Aspergers, autism, mother's love, thriller

Learning To Let Go

I am the parent of two autistic children, one of whom is Asperger’s, now age 22. The hardest part about my son’s transition into young adulthood was just letting go. As most parents of special needs children, I over-functioned for him – big time.

Not only did I protect him from children who bullied him and doctors and psychiatrists who just didn’t seem to get him, but I did things for him he simply couldn’t do for himself.

For example: tying his shoes. He didn’t have the coordination or patience to learn, so to avoid a tantrum and the inevitable meltdowns, I tied them for him.  Sometimes you forego the war to win the battle. As he got older and was more capable of taking care of himself, my over-functioning for him didn’t go away.  This made him regressive, until he finally informed me in no uncertain terms to stop treating him like a baby.

My real slap in the face about letting him go was when he turned 16.  He went to a special needs boarding school for four years, where he developed quickly because he was forced to be challenged and live up to his potential. When he left, I was terrified! Did I make a mistake in sending him? Should I have kept him at home even though it was clear that he was making absolutely no progress in the schools in our city? After the reassurance of all of the progress he was making, letting go got easier, but my mommy reflexes still kick in at the slightest provocation and I have to be constantly on guard against them.  They are no good for him and no good for me.

When he finished that program, there was the question that faces the parents of all autistic children:  what now?  How can he go further in life, get a job and, if not, lead a full and productive life?  We were very fortunate in finding a terrific residential community, where the excellent staff has helped him continue his progress and find work training experience. Now he has a wonderful job, participates in Special Olympics and he has even developed some friendships.

Here are lessons I learned throughout this lengthy, but ultimately very rewarding journey with my autistic son as he grew into an adult:

  • Medication and puberty: As puberty sets in, medication regimens can go haywire for a lot of teenagers.  What worked before literally stops working, in many cases.  Observe the changes carefully – good or bad – and work closely with your child’s doctor.

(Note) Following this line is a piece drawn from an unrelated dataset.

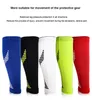 2018 1PCSバスケットボールフットボールレッグスリーブカーフ圧縮ランニングサイクリングシンガードUVProtector Soccer Fitness Calcetines3009448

  • Planning for the future:  Consult a financial expert in trusts and discover if there is a way to structure your child’s welfare after you are gone.  This is, of course, the greatest nightmare of parents of special needs adults:  who will care for my child after I’m gone?

  • Finances: Consider every available state, local and federal programs that might benefit your child. MHMR (at least here in Texas) will give free medications and psychological assistance to those in financial need.  I was unaware until recently that when I reach 62 and go on Medicare, my son will be able to receive Medicare benefits at the same time. There are many differences between Medicare and Medicaid.  This link explains the difference.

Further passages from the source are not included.